1.3 - Smart Sensor for predictive maintenance of a milling machine
- Event
- iCCC2026 - iCampus Cottbus Conference
2026-05-05 - 2026-05-07
Cottbus - Band
- Vorträge
- Chapter
- Condition Monitoring
- Author(s)
- J. Liebermann, M. Lehmann, D. Mayer, A. Schneider, A. B. Gowri - Fraunhofer IIS, Dresden
- Pages
- 42 - 45
- DOI
- 10.5162/iCCC2026/1.3
- ISBN
- 978-3-910600-10-2
- Price
- free
Abstract
We present a wireless, retrofittable smart sensor for continuous vibration-based condition monitoring and predictive maintenance of milling machines. The work is motivated by the need to detect specific conditions of the machine, like tool wear, to protect surface quality in high-throughput machining of large, costly parts.

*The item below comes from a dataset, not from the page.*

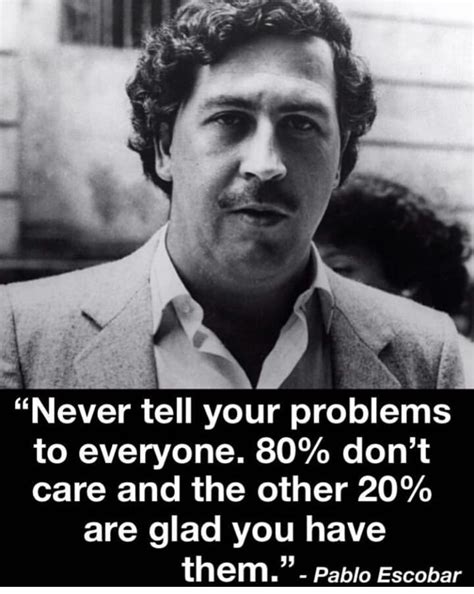 Pin by A Little Of This on Words to live by | Escobar quotes, Pablo escobar quotes, Pablo escobar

Our goal is to evaluate a lowcost hardware solution that can be quickly applied to existing milling machines against a state-of-the-art system. Following a methodical development cycle, we build a smart sensor including hardware and software components, acquire ground-truth data of milling with a sharp and a blunt tool, develop an edge-deployable AI model, implement the AI model on the smart sensor, and validate the implementation. Final deployment demonstrates reliable classification and actionable alerts, with comparative tests indicating monitoring quality comparable to a high-cost reference at reduced cost and integration complexity. Thus, the smart sensor can operate as a milling assistant, signalling worn tools with minimal installation effort and maximal data privacy.